Living in Uganda, hope is a powerful word. It can move mountains, it can breathe life. It can change you. Many days I find myself looking for hope when I’m faced with the lack of comforts. When I see a level of poverty that no one should bare. When I feel like throwing in the towel and giving up on the hard things. When I have to say goodbye to the kids I have fallen in love with the last two weeks.

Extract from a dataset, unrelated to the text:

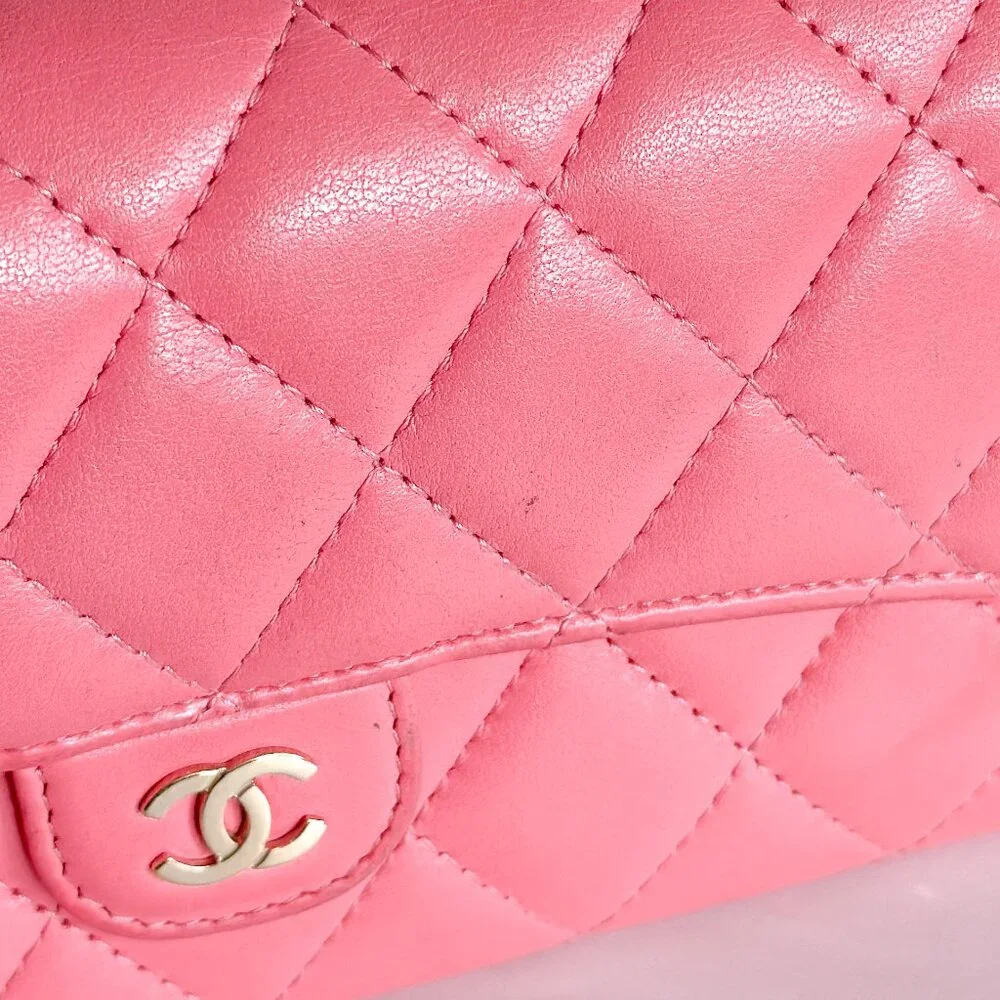 Chanel Classic Flap Wallet Pink Leather - Picture 2 of 16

But hope is never lost. It’s usually just temporary misplaced. I walked into my room accepting the fact that my bracelet was gone and hopefully someone else was enjoying it when I saw it. There on top of my laundry drying rack was my bracelet. I must have taken it off last minute before walking out the door. Funny though, if you asked me if I put it on this morning I would have said yes. Heck I would have bet 100$ that I did. But there it was. My heart nearly exploded. I’m not a “things” person, I don’t have a lot of trinkets or excess but this bracelet has reminded me and taught me many things.
Never give up hope, even when it seems like a lost cause. So as I went to bed last night my heart was full. Full from the days events, full from the craziness that come from living in Africa and full of Hope.
I had to lose my bracelet today to realize how much I needed to keep searching for hope even when I don’t think I can.